Fui ver Medida provisória, dirigido pelo Lázaro Ramos. O elenco, a direção, a trilha sonora, o roteiro e a fotografia são irrepreensíveis.

Saí enjoada. Não pelo filme, que é impecável, mas enjoada do mundo.

Não vi a peça Namíbia, não, em que se baseia o filme, mas pelo menos a versão cinematográfica tinha que ser bibliografia obrigatória da alfabetização até a livre docência, em todos os anos, para todas as turmas, de todas as idades e localizações. É desses filmes difíceis de ver, mas que precisam ser vistos. Vá e leve todo mundo que conseguir. Não tenho um ai para falar desse filme. E olha que sou chata.

Em uma nota totalmente fútil e boba, que homem lindo é o Seu Jorge.

Mas prepare-se. Se você tem mais de um neurônio na cabeça, sairá do filme mexido, remexido, movido, machucado, enjoado. E sair assim é o melhor cenário.

O filme é e, se a gente conseguir tirar a milícia do poder, continuará sendo uma distopia.

As falas dos brancos a favor da expulsão dos negros, em especial das personagens de Renata Sorrah e Adriana Esteves, mostram de forma bastante didática o pensamento podre e torto do opressor, que se julga superior, que se julga certo e que não percebe o que faz. Não enxerga um palmo na frente do nariz. “Racista jamais! Só estou fazendo o meu trabalho”, diz a personagem racista.

“Como é que a gente não viu isso?
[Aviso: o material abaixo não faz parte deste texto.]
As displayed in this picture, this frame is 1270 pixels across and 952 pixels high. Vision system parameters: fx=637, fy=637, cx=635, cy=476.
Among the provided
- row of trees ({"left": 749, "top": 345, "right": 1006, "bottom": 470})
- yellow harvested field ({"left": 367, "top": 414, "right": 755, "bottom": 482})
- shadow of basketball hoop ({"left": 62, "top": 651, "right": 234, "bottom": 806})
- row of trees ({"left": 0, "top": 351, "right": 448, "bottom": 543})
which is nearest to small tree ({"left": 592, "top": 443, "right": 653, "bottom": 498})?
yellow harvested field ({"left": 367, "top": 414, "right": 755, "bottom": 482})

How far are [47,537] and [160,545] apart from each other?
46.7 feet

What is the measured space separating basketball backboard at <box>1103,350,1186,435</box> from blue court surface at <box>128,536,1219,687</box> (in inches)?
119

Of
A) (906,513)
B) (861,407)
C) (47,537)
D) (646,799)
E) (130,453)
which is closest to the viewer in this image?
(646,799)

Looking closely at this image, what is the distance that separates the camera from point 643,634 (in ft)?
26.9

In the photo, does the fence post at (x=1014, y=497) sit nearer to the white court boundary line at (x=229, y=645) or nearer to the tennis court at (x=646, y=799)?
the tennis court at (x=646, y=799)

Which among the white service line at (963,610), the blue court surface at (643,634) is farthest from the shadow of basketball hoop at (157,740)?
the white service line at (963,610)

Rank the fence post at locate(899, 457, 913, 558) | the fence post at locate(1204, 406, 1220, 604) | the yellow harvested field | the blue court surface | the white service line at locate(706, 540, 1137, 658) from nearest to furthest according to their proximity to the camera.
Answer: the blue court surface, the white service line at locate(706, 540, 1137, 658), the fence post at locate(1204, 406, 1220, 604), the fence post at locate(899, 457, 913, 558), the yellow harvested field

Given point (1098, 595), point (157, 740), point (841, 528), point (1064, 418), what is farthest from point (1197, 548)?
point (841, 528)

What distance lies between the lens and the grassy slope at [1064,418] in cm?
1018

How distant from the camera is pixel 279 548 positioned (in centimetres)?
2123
Como é que a gente deixou chegar nesse ponto? Como é que a gente riu disso?”, fala o personagem de Seu Jorge, assustadoramente plausível. Vivemos hoje um Brasil que já riu das bobagens dos fascistas que estão no poder. Nós já fizemos meme com a Damares na goiabeira. Medida provisória mostra avant la lettre (a peça Namíbia, não é de 2011) um futuro desdobramento totalmente possível para a ministra goiaba e sua quadrilha de milicianos. E isso é assustador.

Bom lembrar que a Ancine atrasou deliberadamente o lançamento do filme em mais de um ano. Ou seja, incomodou. E incomodar racistas é sempre uma coisa boa, não importa o contexto. Se tem um racista incomodado, estou feliz.

Lázaro Ramos dá um jeito de terminar o filme um pouco para cima. Afinal, é cinema e ele, melhor do que qualquer um de nós, sabe disso.

Ainda assim, é um soco no estômago, justamente por não ser tão distópico assim.

Saí do cinema com dificuldade de respirar, de andar, de existir nesse mundo.

Pensando bem, o atropelamento por rinoceronte doeu muito menos.